Sincretismo significa stare con gli altri nella massima apertura della
presenza e della contaminazione quotidiana. Vuol dire scegliere nei
caratteri degli altri e delle altre culture, senza timore di perdere la
propria identità (e quale?), il meglio per sé. Il sincretismo è la proposta
vitale dei Sud del mondo a tutti gli altri mondi per danzare insieme il
futuro. Ed è utopia al di là dell'oppressione e del dolore.

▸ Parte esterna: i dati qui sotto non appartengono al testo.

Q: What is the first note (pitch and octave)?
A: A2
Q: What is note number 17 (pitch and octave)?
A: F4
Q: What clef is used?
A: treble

Non credi che sia possibile individuare nel sincretismo latino-americano il nuovo orizzonte storico dentro cui saper vedere e concepire un sincretismo mondiale che riguarda l'immaginario e la letteratura? Quella che, non sapendo come chiamarla, Milan Kundera ne I testamenti traditi (1993) ha definito come "tropicalizzazione del romanzo europeo", ad esempio?

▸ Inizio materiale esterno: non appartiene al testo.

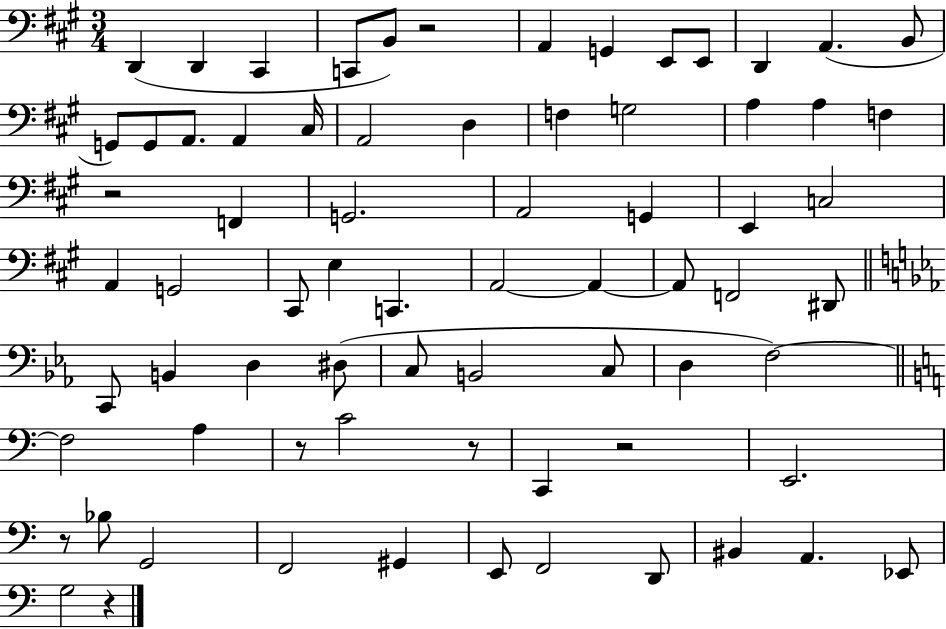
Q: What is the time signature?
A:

Il concetto di sincretismo in quel che riguarda le culture e i popoli è abbastanza conosciuto, e penso che sia chiaro anche il concetto, tutto nuovo, di "sincretismo utopico" sul quale ho fatto riferimento durante i giorni di Porto Franco. Ma poi, già verso la fine del nostro andarcene in giro per la Toscana, mi è venuto in mente uno sviluppo nell'ambito letterario di quelle idee: se è vero che la letteratura è un riflesso molto fedele – anche se a volte per strade sinuose e deliranti – di quello che accade con la piccola fetta di umanità che la produce, allora quello stesso "sincretismo" ci sarà per forza anche nel campo letterario. E cioè, se le caratteristiche più marcate, e più fertili da un punto di vista creativo, degli scrittori di questo periodo storico a cavallo tra due millenni è l'extraterritorialità – linguistica incluso – e l'interculturalità, è inconcepibile che la loro narrativa non rechi questi segni, non manifesti in sé questi "sintomi" del nostro tempo.
Ma l'inconscio dello scrittore – la sorgente di base della narrativa – non è in grado, lo sappiamo, di distinguere ciò che sarebbe input diretto (esperienze vissute in prima persona) e input indiretto (esperienze vissute attraverso l'assorbimento di un discorso altrui: un film, un libro, un racconto orale, una foto, una canzone). Così, l'universo epistemologico di partenza di uno scrittore attuale, anche se lui non è mai uscito dal suo paese natale, è per forza un fenomeno sincretico. Quando si dice a uno scrittore del XXI secolo una parola come "savana", o "nirvana", o "nomenklatura", o "gang", il suo potere evocatorio è oggi molto più esteso e profondo che, diciamo, 40 anni fa; e infatti questi concetti sono già parti integranti, inseparabili, del suo immaginario, e non solo come segni astratti, ma come "intrecci". È come se loro avessero, anche a scapito di loro stessi, tutto il mondo dentro la testa, e le loro scritture saranno scintille scaturite da questo mondo – outputs – verso lo esterno, verso il lettore.
Stiamo parlando finora dal punto di vista delle tematiche, ma lo stesso accade con lo stile. Nessun'altra generazione di scrittori è stata così consapevole del processo interno della scrittura, degli "attrezzi" psicologici e tecnici disponibili, delle scelte stilistiche possibili, come questa generazione attuale. Una gran parte degli scrittori, magari proprio quelli con più talento, le vocazioni più radicate e inflessibili, guadagnano da vivere come professori di Scrittura Creativa e di Narratologia di scrittori più giovani. Allora, oltre a saper scrivere, devono anche trafficare benissimo dietro le quinte della scrittura, per poter spiegare e insegnare agli altri. Sono scrittori che hanno letto un'enormità di titoli, nazionali e stranieri, classici o moderni, se non per altra ragione, almeno per stare all'altezza dei loro allievi, lettori voraci. Allora, il loro stile, anch'esso, riflette questa cultura e presenta un ventaglio molto più ampio di scelte, come se loro fossero in grado – e lo sono di solito – di appropriarsi di certe caratteristiche specifiche di stile di tutta la storia della letteratura, a seconda delle loro convenienze. Non a caso i teorici della "narrativa postmoderna" sono unanimi nel considerare l'intertestualità e le tecniche del "pasticcio" come segni innegabili di questo periodo storico.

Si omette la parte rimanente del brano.